This scenario got me to thinking about the fickleness of
human fate, the transient nature of social geography and the limited potency of
once-powerful earthly institutions. Kings and potentates, especially
in conflict-ridden lands and times often conclude their lives in very un-royal
circumstances. Remember the once imperial, egregiously powerful and fabulously wealthy
Saddam Hussein, who ended up hiding, like a rat, in an underground Iraqi hole
in the ground, with some unused jockey shorts as his only treasure? But, I have
also seen similar things happen among the un-royal. As the one-time Pastor of a church
located in the wealthiest zip-code in Houston, Texas, where dirt still sells
for at least a $1 million an acre, I witnessed, up-close, the final state of
some very rich and powerful people. I can attest to the reality that times
change, power is fleeting, even lots of money is no guarantee of long-term
dignity and, of course, death comes to all of us. A once-proud and powerful
king buried beneath a common, utilitarian slab of asphalt or a once-sacred
space that now is striped so that people can park their motorcars and “pay
& display” – these are but parables of what happens to every one of us and
much of the terra-firma that is hardly as firm as we would like to believe.

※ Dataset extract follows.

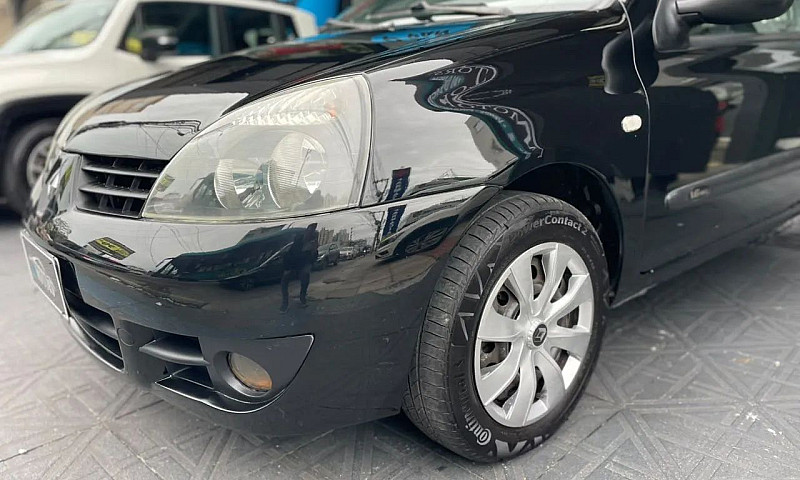 Renault Clio Hi-Flex...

All of this got me to thinking, not so much about real estate
gentrification or decline, but about what “permanent footprint” I and my
cherished institutions should aim to leave on this planet. If the ecological
people have alerted us, and rightly so, to the effects of our individual and
corporate “carbon footprints” which we leave on the earth’s surface, I am
wondering, today about the emotional, ethical, moral or historical “footprint”
I and my family, my church, business or school should aim to leave behind. Knowing
that, someday, like old Richard Three, most of what I have worked hard to
build, as well as my time-worn and battle-scarred bones will be erased or
entombed somewhere in a humble, dark and unrecognizable place, what evidence
that I once lived do I want to remain? What,
indeed, do I wish to leave behind as a legacy?
As I reflect seriously on these existential and indeed
extraterrestrial questions, I am convinced that most people actually care
little about a fancy gravesite or an elaborate marker representing their lives
or institutional efforts. Despite messianic visions and selfish needs to make
an impact or to leave a “mark” on this old world, our powers are actually quite
limited and our time is always shorter and less than we want to admit. How
about you? What are you up to in the “here and now” that has a “snowball’s chance”
of being significant, beyond the ravages of time? What message would you aspire
to “shout out” from beneath the car park?